Włoskipolak 72 said:


> robić uniki ( dryblować ? )
> kiwać


They are rather generic terms while apparently the OP is looking for a specific name of a particular technique.
Besides, "robić uniki" does not seem to be quite the same as "dryblować".


----------



## zaffy

jasio said:


> Isn't it "nad piłką"?


Yeah, I guess it is. But does 'przez' sound wrong?


----------



## jasio

zaffy said:


> Yeah, I guess it is. But does 'przez' sound wrong?
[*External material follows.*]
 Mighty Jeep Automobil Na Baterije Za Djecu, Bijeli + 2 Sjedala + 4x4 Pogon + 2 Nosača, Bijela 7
I don't know, I'm not a soccer fan. ;-)


----------



## rotan

In Polish, many football plays and tricks use English

Exceptions I can think of now:
- rabona (PL: krzyżak)
- scissors kick (PL: nożyce)
- overhead kick (PL: przewrotka)
- nutmeg (PL: dziura)
- to fake (PL: markować | e.g fake a shot - zamarkować strzał)
- diving header (PL: szczupak)

The "step-over" is not one of them, it's mostly "step-over" in Polish as well, and if you don't need to use a particular term, you just say "zwód" or "kiwka" for literally any dribble play, as mentioned above


----------



## rotan

There's more that came to my mind:
- dummy (generally it's similar to "fake", but in Polish it mainly refers to "przepuszczenie piłki"; which is when a pass is addressed to you, but you let the ball go, for example, between your legs, so that one of your teammates can get it)
- panenka (PL: wcinka/podcinka; we use "panenka" as well, but less often than the Polish two)
- Cruyff turn (PL: zwód Cruyffa)

...and here are some of the ones that don't have a Polish translation (or at least I don't know of any):
- Elastico
- Rainbow flick
- La Croqueta
- McGeady spin
- *step-over*
- drag back
- Marseille turn (often called "ruletka" though)
- Berba spin


----------